GitHub: https://github.com/facebookresearch/omnilingual-asr

First, let me say that this is impressive. And then let me pose some questions:

As a linguist, I would like to know more about the kinds of languages this works well with, or does not work well with. For example, half the world's languages are tone languages, and the way tones work varies greatly among these. Some just have high and low tones, while others are considerably more complicated; Thai has high, mid, low, rising and falling. Also, tone is relative, e.g. a man's high tone might be a woman's low tone. And some African languages have tones whose absolute frequencies vary across an utterance. So transcribing tone is a quite different problem from transcribing phonemes--and yet for many tone languages, the tone is crucial.

There are also rare(r) phonemes, like the clicks in many languages of southern Africa. Of course maybe they've already trained on some of these languages.

The HuggingFace demo says "Supported Languages[:] For this public demo, we've restricted transcription to low-resource languages with error rates below 10%." That's unclear: 10% word error rate, or character/ phoneme error rate? The meta.com page refers to character error rate (CER); a 10% character error rate can imply a much higher word error rate (WER), since most words contain several characters/ phonemes.
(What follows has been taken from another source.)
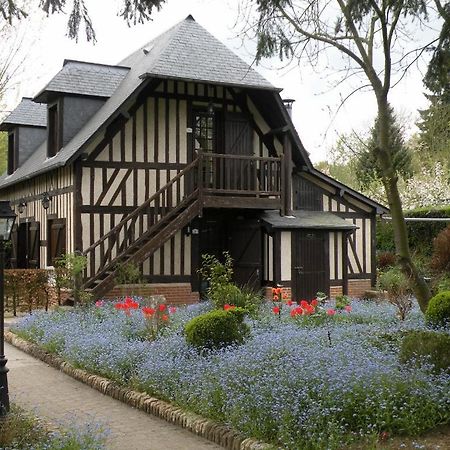 Auberge Du Val Au Cesne Saint-Clair-sur-les-Monts Exteriér fotografie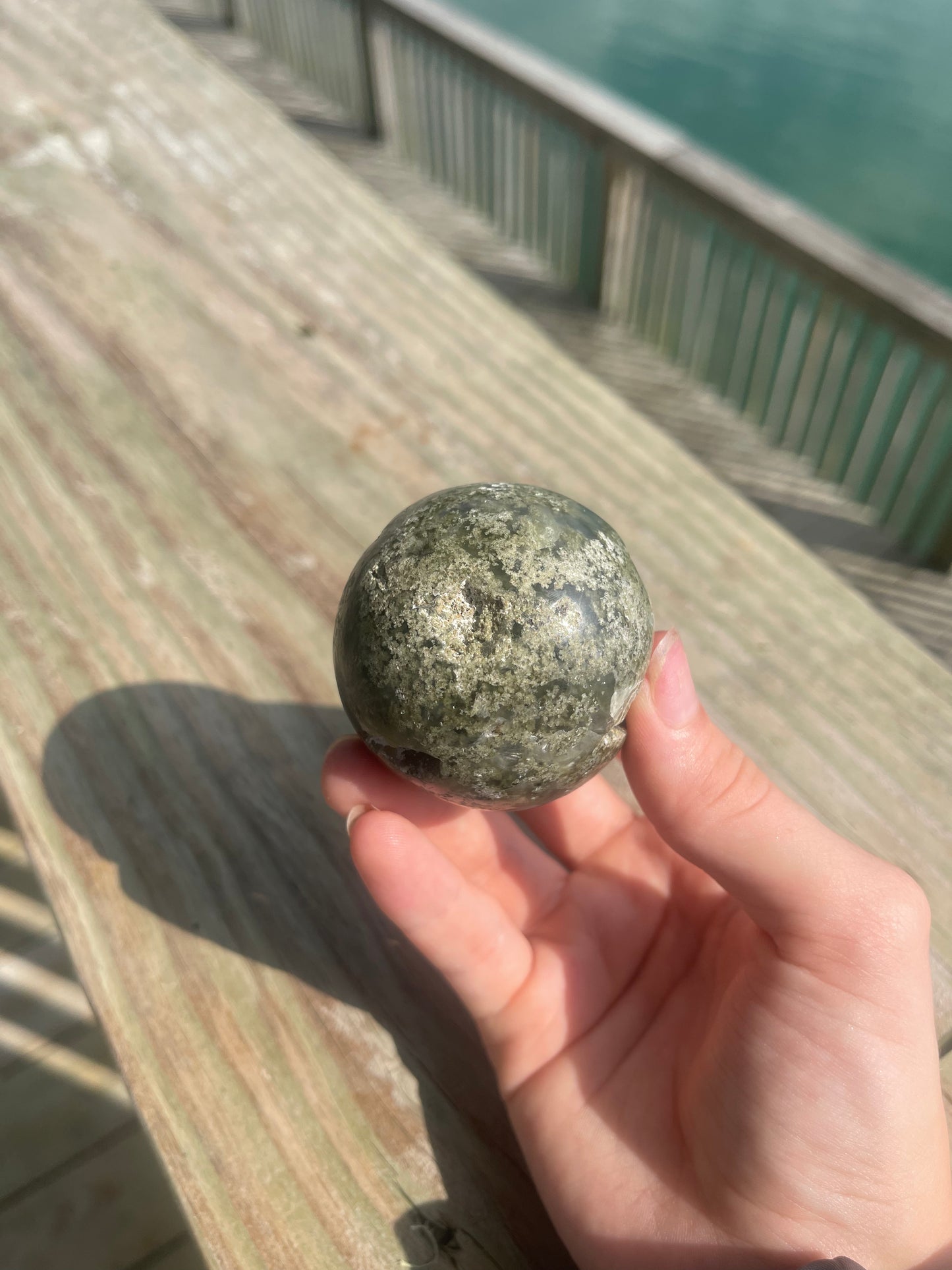 Prehnite with Epidote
That said, there are ways to get around that, like using a dictionary to select among different paths through possible character sequences so you only get known words, and adding to that a morphological parser for languages that have lots of affixes (meaning not all the word forms will be in the dictionary--think walk, walks, walked, walking--only the first will be in most dictionaries.)

Enquiring minds want to know!

This seems like a massive improvement for openly available local ASR. Even the 300M model outperforms whisper-large-v3 according to the paper's benchmarks.

  • Not sure, I recorded 3 seconds of voice (a single sentence) and the hf demo misrecognized about half of the words.

    • And moreover, you can not tune those models for practical applications. The model is originally trained on very clean data, so lower layers are also not very stable for diverse inputs. To finetune you have to update the whole model, not just upper layers.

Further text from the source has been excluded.